Vendredi 17 octobre
C'est arrivé un 17 octobre : en 1918 les Allemands quittent Lille
Rédigé par Clémentine Duverly
La libération de la ville a mis fin à 4 ans d'humiliations, de pillages et d'explosions comme sur cette photo où l'on voit la "Lille Nord Bahnhof" en 1917, après un bombardement (Crédit : Wikicommons).
Après 4 années d’occupation par les troupes allemandes, Lille retrouve enfin la liberté le 17 octobre 1918 avec l’entrée des forces britanniques et du 1er corps de l'Armée française dans la capitale nordiste.
Le contexte
- Le 24 août 1914, au début de la Première Guerre mondiale, Lille est déclarée « ville ouverte », c’est-à-dire, abandonnée sans combat pour épargner la ville et protéger la population, ce qui signifie que les forces militaires se retirent.

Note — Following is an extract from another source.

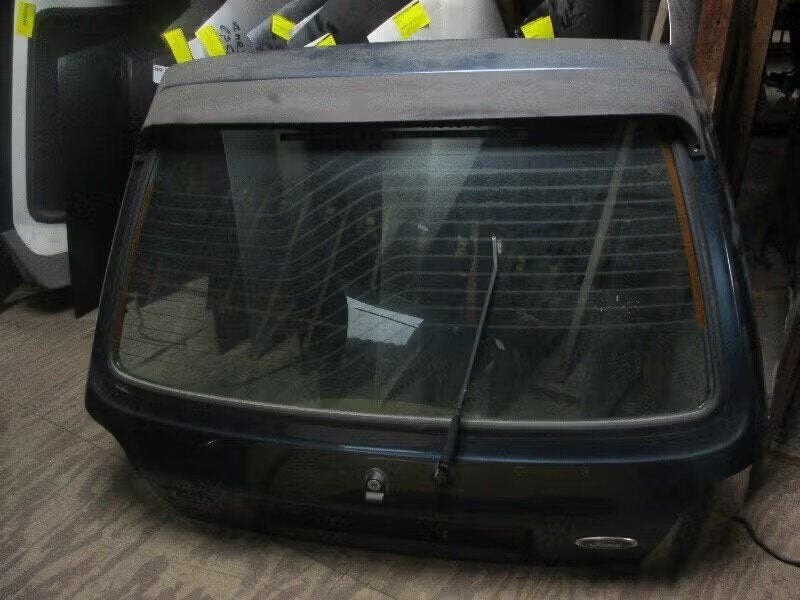 ACHTERKLEP Ford Fiesta 3 (01-1989/12-1996), Auto-onderdelen, Gebruikt, Achterklep, Ophalen of Verzenden, Henry-Ford-Straße 1 50735 Köln, DE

- Malgré cette déclaration, Lille subit un siège de 10 jours accompagné de bombardements qui ravagent une bonne partie du centre-ville.
- Le 13 octobre 1914, les troupes allemandes pénètrent dans la ville. Celle-ci passe sous l'administration de la Kommandantur allemande qui contrôle strictement la vie quotidienne.
- La mainmise allemande sur le territoire est notamment synonyme de rationnements, de pillages, de réquisitions ou encore d’arrestations. Les Lillois doivent également régler leurs montres 1h plus tôt, à l’heure de Berlin.
Une libération attendue
- À la fin du mois de septembre 1918, les troupes allemandes amorcent leur retrait pour éviter d’être encerclées par les forces anglaises du général Birdwood et les troupes françaises qui progressent.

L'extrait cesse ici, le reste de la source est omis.